Editorial

Make it happen

The Indian government is taking a new approach to fighting poverty.
A Food Bill, which legislators are expected to pass soon, is designed to entitle all Indians to sufficient food. Whether the policy will succeed remains to be seen. In India, state agencies have a long track record of not fulfilling duties.

By Hans Demboski

On the other hand, the Indian government has an incentive to do something for the poor. The country is a democracy. The current government is led by the Congress party and was re-elected in 2009 after it introduced an innovative jobs programme, the Mahatma Gandhi National Rural Employment Guarantee Act (MGNREGA), in its previous term. Research shows that different Indian states are implementing MGNREGA with varying diligence and effectiveness. But nobody doubts the reform was a spectacular political success. Today, India’s government is struggling with corruption scandals. It certainly hopes the Food Bill will deliver similar rewards as the employment scheme did when the nation goes to the polls again in 2014.

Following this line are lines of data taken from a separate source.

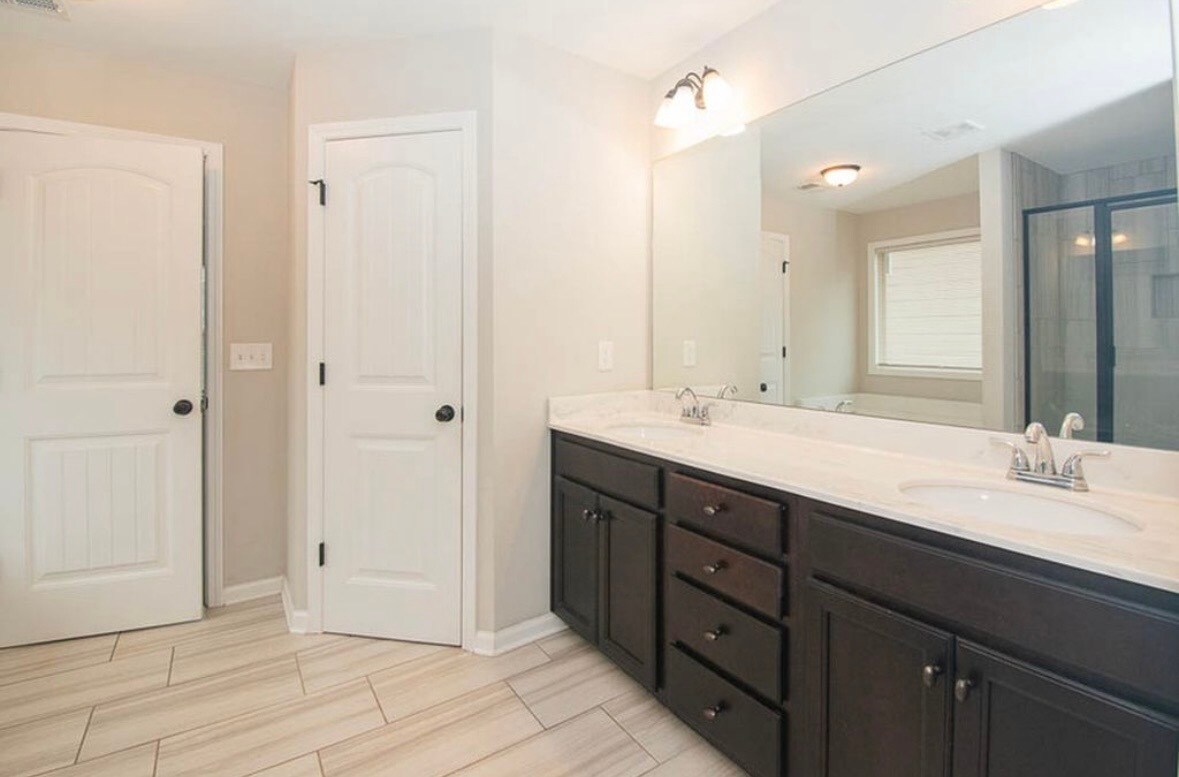 Master Bathroom - 399 Cobblestone Trl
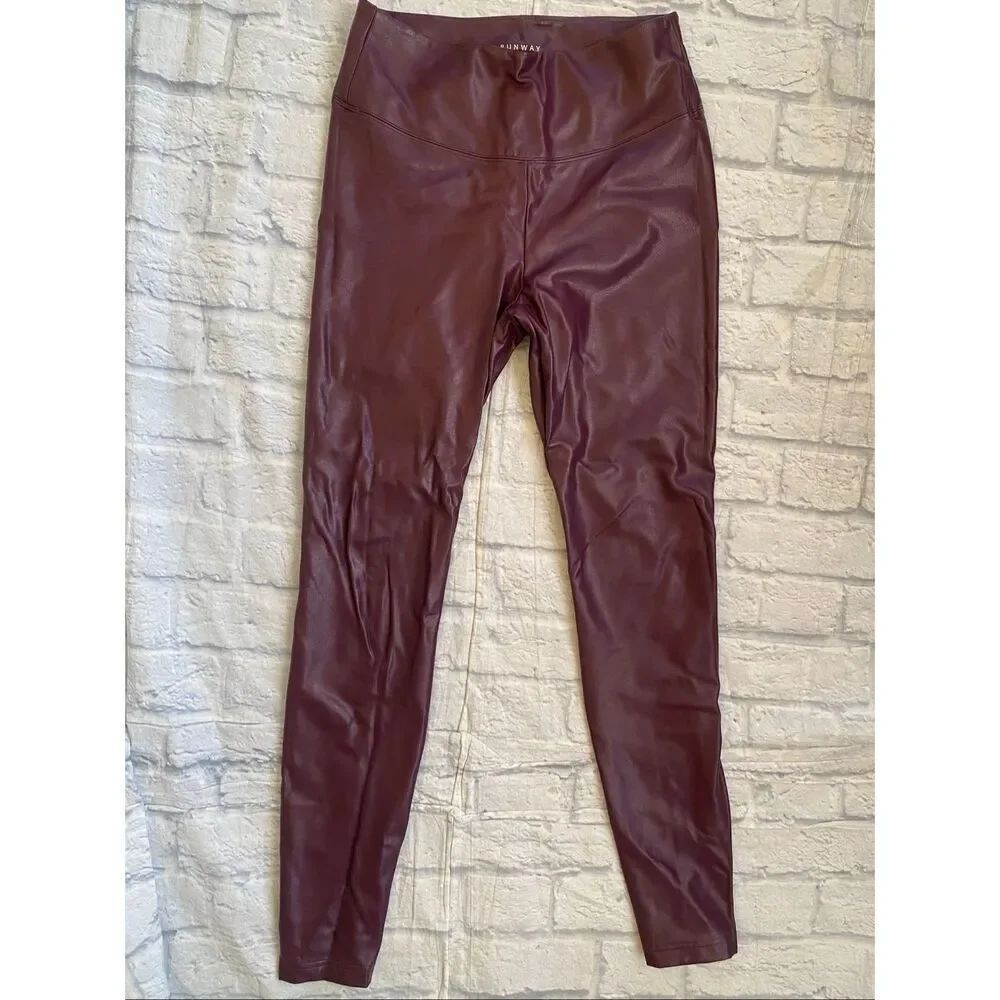 White house black market women 8L runaway lined legging vegan leather burgundy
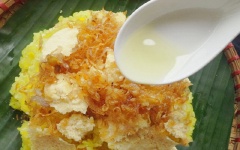 Cho xôi, đậu xanh không vỏ, hành phi ra đĩa hoặc lá chuối. Chan 1 muỗng canh dầu ăn lên trên.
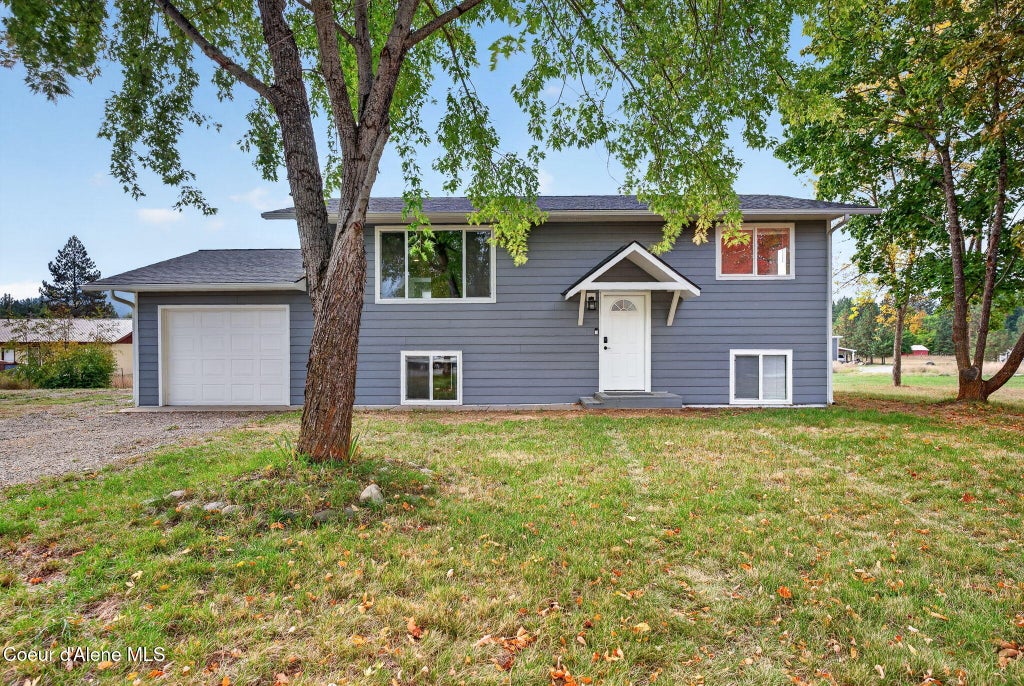 Photo of 60 Cherry LN, Moyie Springs, ID 83845 (MLS # 26-9764)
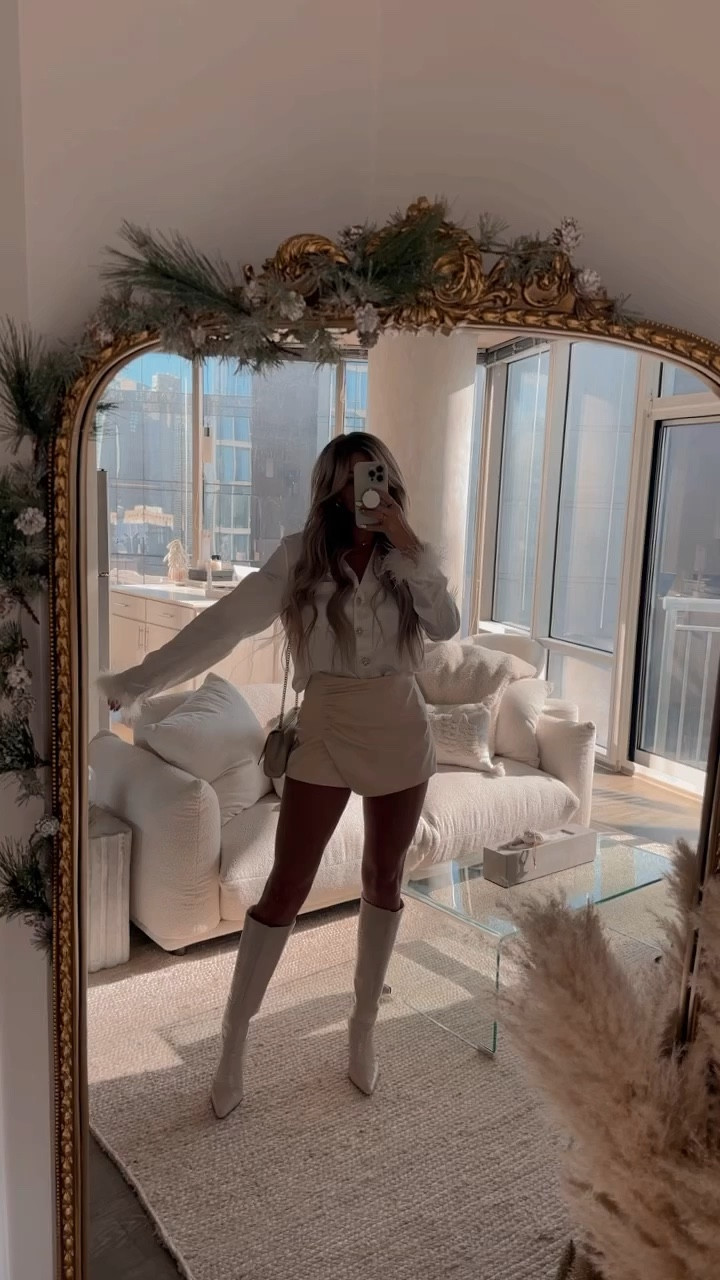 Holiday Outfit Inspo

Mini Skirt Outfit, Holiday Outfit, New Year’s Eve, Party Dress, Boots, Sweater Dress, Jeans, Holiday Party, Lounge Set, Pajamas, Purse, Chelsea Boots

#LTKHoliday #LTKSeasonal #LTKstyletip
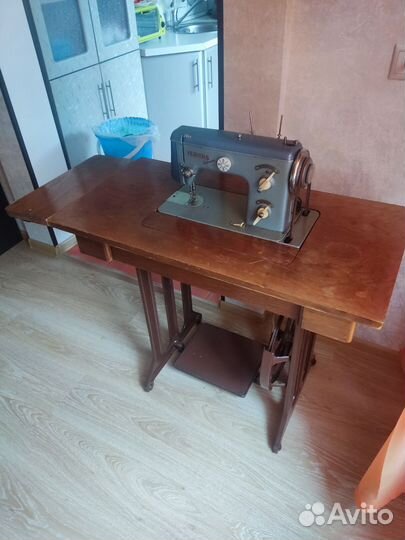 Швейная машина Veritas 8014/2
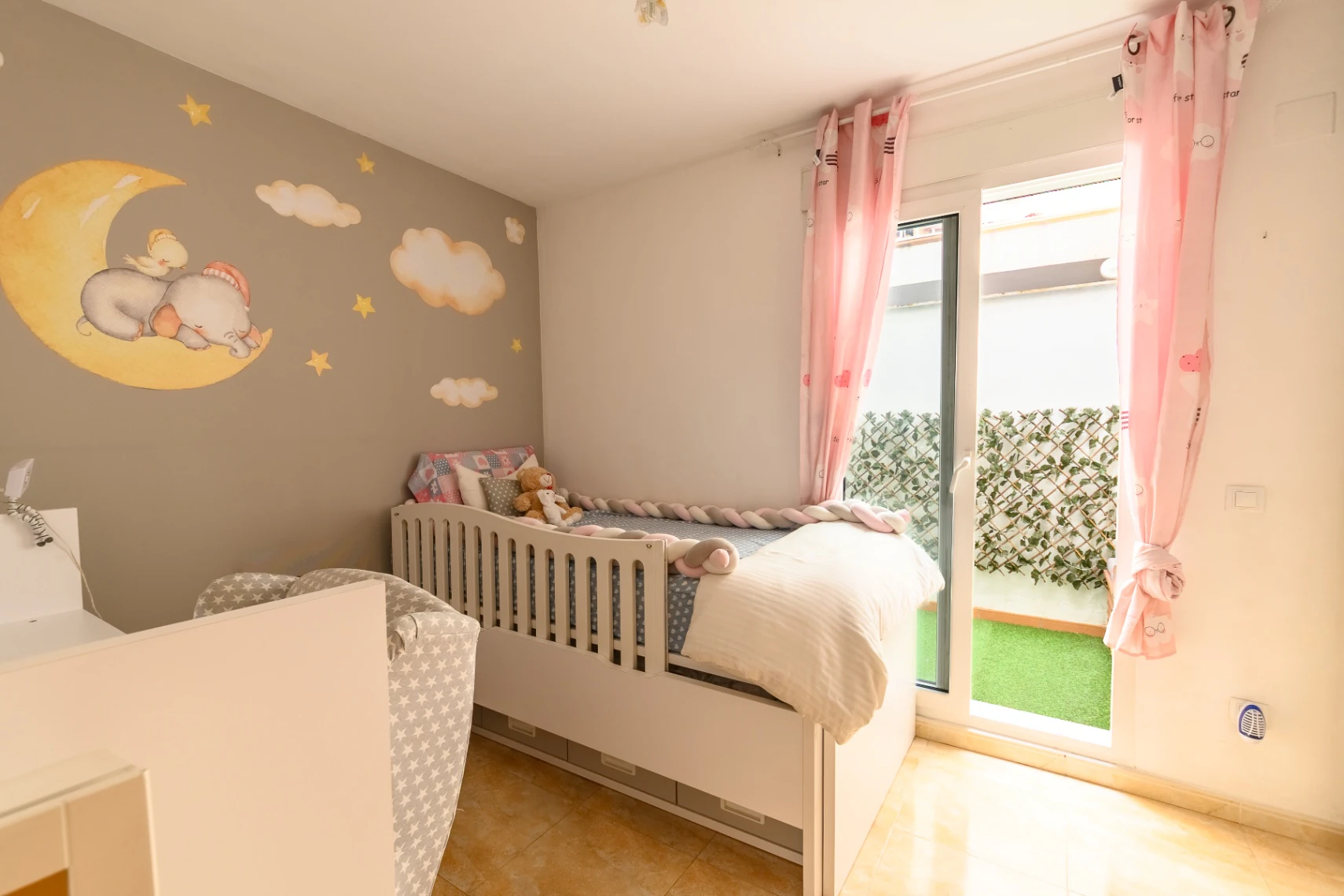 Amplio apartamento de 3 habitaciones con vistas al campo en el centro de Teulada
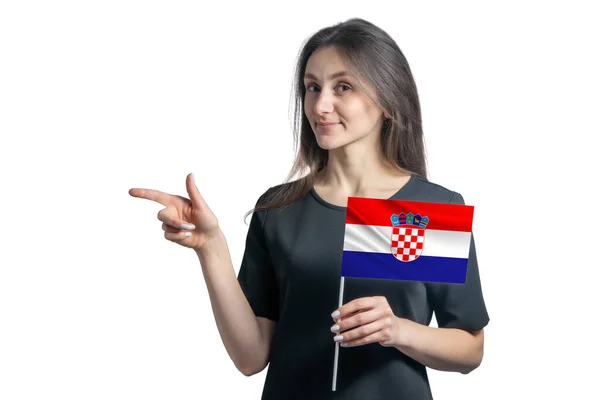 Ευτυχισμένη Νεαρή Λευκή Γυναίκα Που Κρατά Σημαία Κροατίας Και Δείχνει — Φωτογραφία Αρχείου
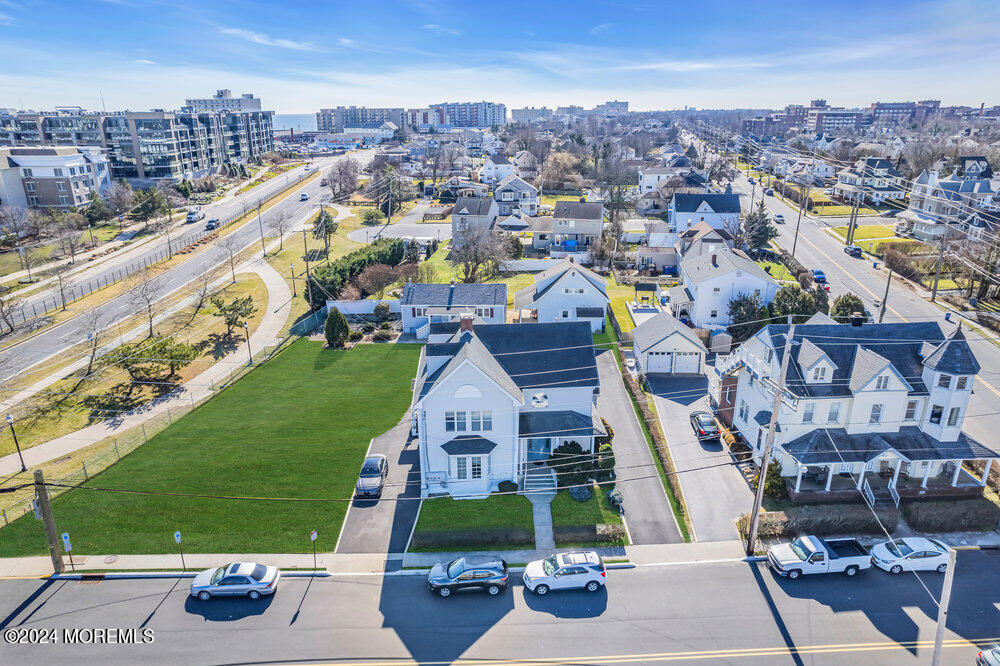 82 Chelsea Avenue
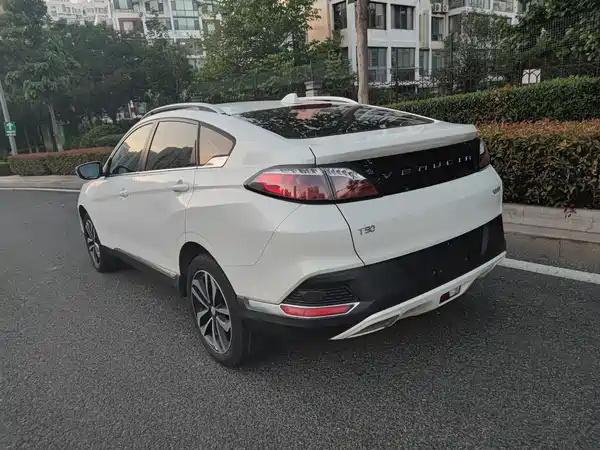 Venucia T90 2017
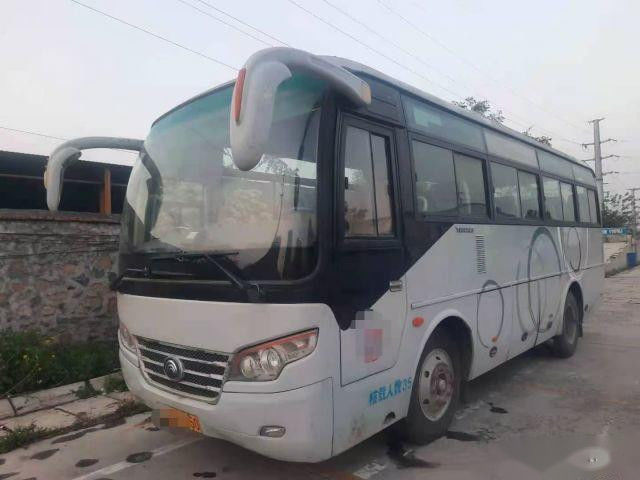 O Euro III Front Engine Yuchai 160kw dos assentos do tipo ZK6792D 35 de Yutong saiu da embalagem Nude de direção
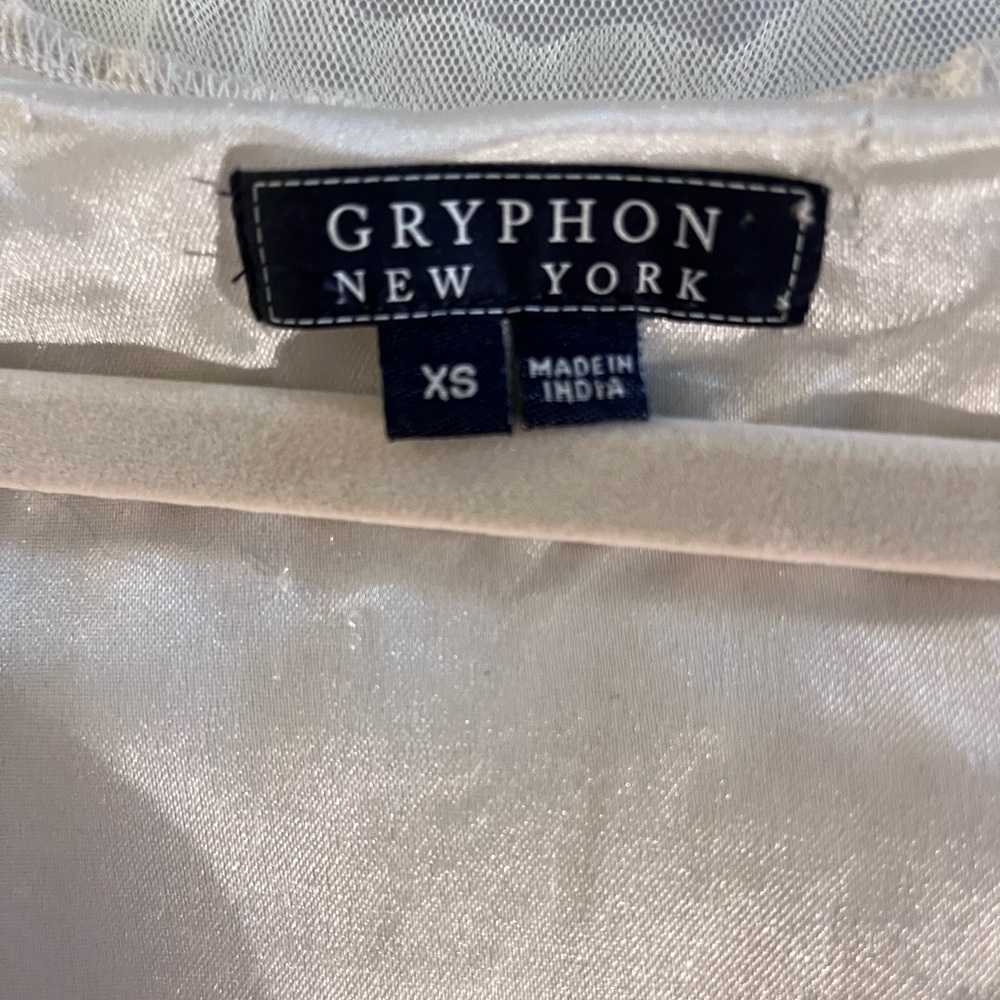 Gryphon New York White/Gold Sequined Top. Size XS - Picture 7 of 9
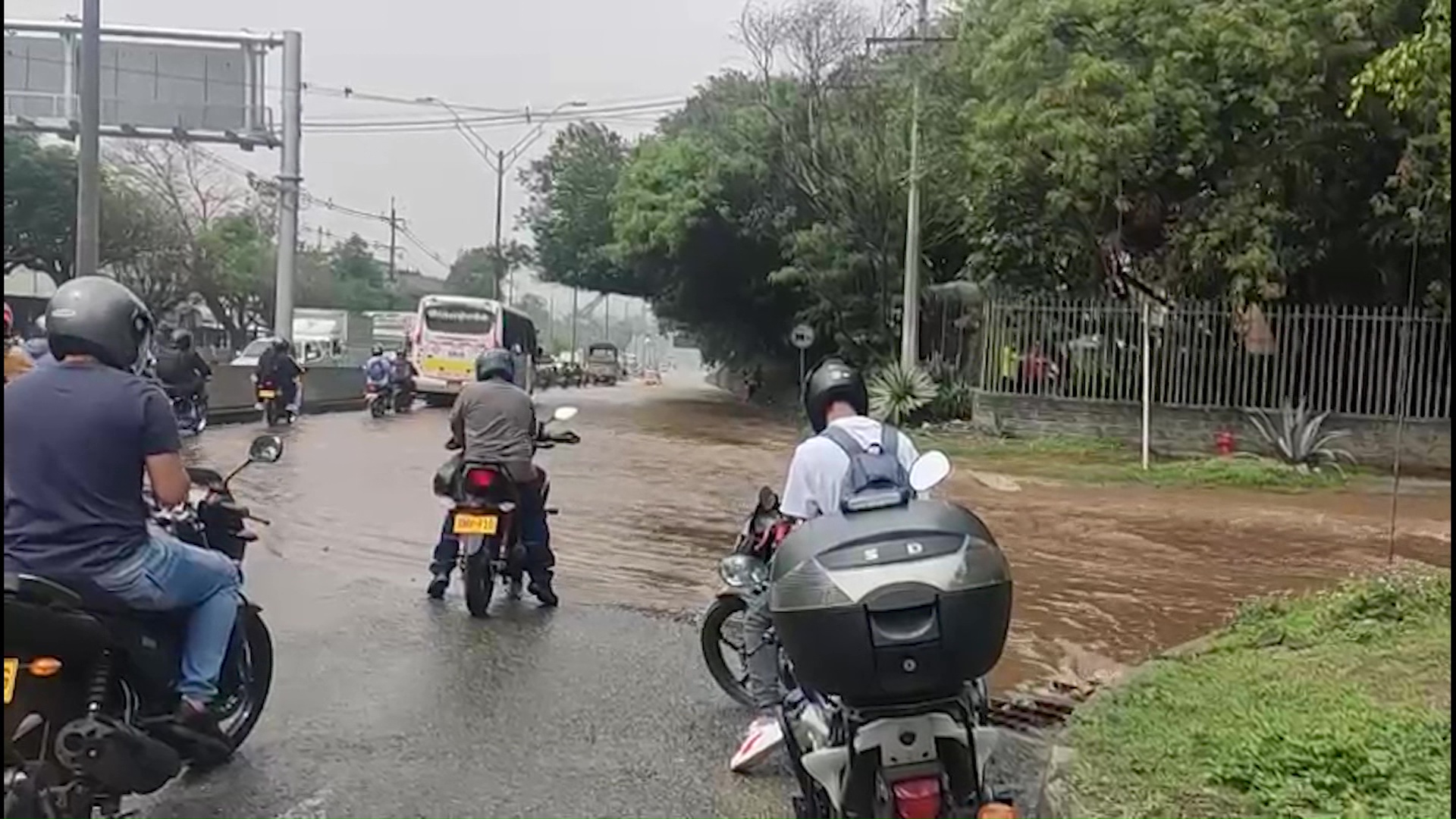 Colapso en la autopista norte por inundación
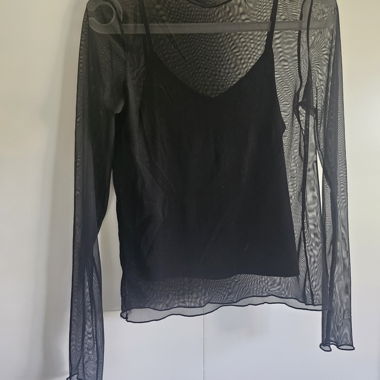 Pull noir transparent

In India, malnutrition and hunger persist as mass phenomena even though the country produces enough food to feed its 1.2 billion people. The problem is that many are simply too poor to buy the goods they need. In turn, their inadequate purchasing power is the reason why distribution systems are inadequate too. So far, it simply did not pay to make and keep them viable.

That is no different in many other world regions. According to a rough estimate, 50 % of the harvests rot away in developing countries instead of feeding people. In two important and mutually reinforcing ways, better facilities for storing, shipping and processing farm produce would make a difference: the food supply in markets would increase, and thanks to more jobs and related incomes, more people could take advantage of such supply. Therefore, the most urgent way to fight hunger today is to make sure poor people’s purchasing power rises. Improving infrastructure and economic opportunities in rural areas makes sense because this is where the majority of needy people live. Obviously, war and civil strife compound problems. Integrated rural development, however, is certainly the most promising approach to food security.

It is often assumed that absolute poverty is increasing around the world. Over the past decades, that was not the case. Today, roughly 1 billion of 7 billion people do not get enough food. Four decades ago, Earth was home to almost 4 billion people, of whom roughly 1 billion went hungry. The share of the needy has declined.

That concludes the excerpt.